The problem is the owners, who do not pay the costs they inflict on the neighborhood. The people at NIS are too bull-headed to consider more creative solutions to this problem.
The policy model that most interests me is vacant property receivership. While the full details would require a long explanation, the crux of the model is that the courts appoint a receiver to assume partial control of a property for the purpose of repairing the property/code violation(s). The receiver can then place first-priority liens on the property for the cost of nuisance-abatement. If the owner pays off the liens, then the owner retains the property, and the community's costs have been abated. If the owner refuses, the receiver can apply to the courts to foreclose on the property for recoup the cost of the repair.
It's more complicated than that, and typically includes provisions for dealing with economic hardship, stipulations about who can be a receiver, specific aims of foreclosure (whether housing foreclosed upon has first priority for affordable housing), etc.
You can read in more detail here. (You'll need to scroll down - but you can also note on this excellent website how un-creative and backward Durham is in dealing with this issue in comparison with other cities.) We would need state-enabling legislation to create receivership; about 20 states grant their municipalities this power. It has been used quite successfully in many cities with vacant property problems - Boston, Philadelphia, St. Louis, Baltimore, and others.)

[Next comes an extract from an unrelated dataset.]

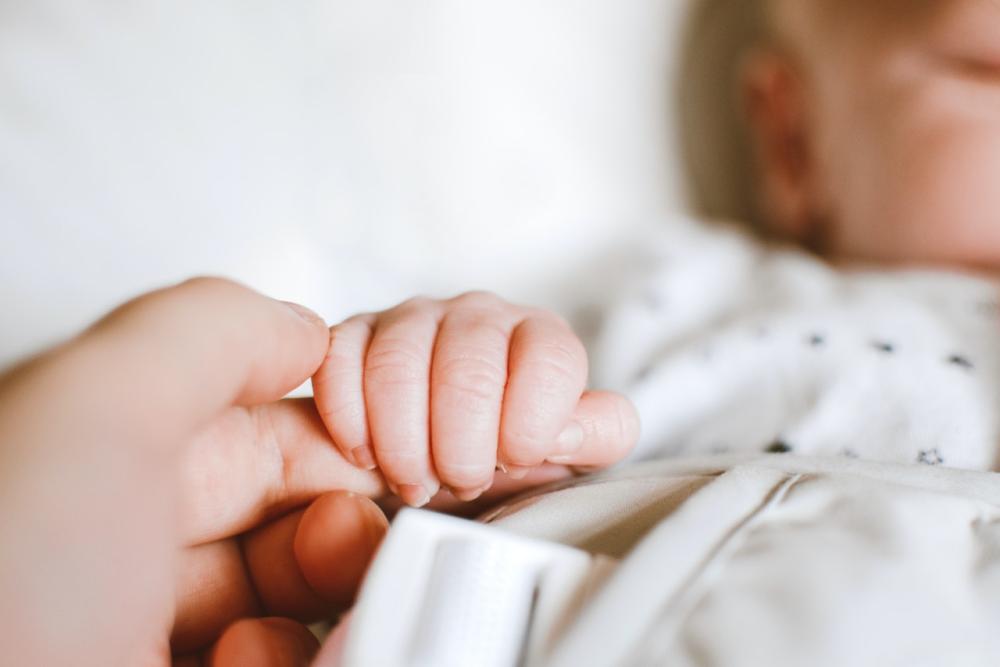 Qué es Kit Sueño Seguro, el plan que busca evitar la muerte súbita de bebés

What would make everyone happy would be to see the house at 1620 Duke University Road renovated and occupied. Why don't we go about creating policy to reach that goal instead of our currrent policy, wherein everyone loses?
This house finally was released from the grip of its previous neglectful owner, and has been completely renovated.
(Below in italics is from the 2010 National Register listing; not verified for accuracy by this author.)
This one-story hip-roofed house is three-bays wide and triple pile with a projecting bay on the left side of the façade. A full-width, hip-roofed ell extends across the rear, projecting from the main hip slightly on each side. A low, hip-roofed addition (likely an enclosed porch) exists behind this, across the rear of the house. The house has a hip-roofed front porch across the façade that wraps around the right side of the house, terminating in the cross-hipped block at the rear. The porch is supported by replacement, grouped posts on painted brick piers. The front door is a single-pane over three-panel front door with matching sidelight. The house is covered with wood weatherboards and has two interior corbelled brick chimneys and one- over-one wood windows. Windows on the enclosed rear porch are a combination of one-over- one, six-over-six, and nine-over-one wood windows. The house stands on a hill above Duke University Road, facing Maplewood Cemetery across the street, and has a high concrete retaining wall and concrete stair along the road. Tax records date the house to 1912, but it does not appear in city directories until 1925, with the address of 1520 West Chapel Hill, when it was occupied by Royal W. and Nettie G. Smith. Smith owned the Royal W. Smith Company, a furniture and home furnishings company in the 100-block of West Chapel Hill Street; the company employed a number of neighborhood residents.
Garage, c. 1925 – One-story, front-gabled, frame garage with shed-roofed addition on the right side. The garage has molded wood weatherboards, an asphalt-shingled roof, a plywood door on the east elevation, and a one-over-one vinyl window on the north elevation. The garage faces Swan Street.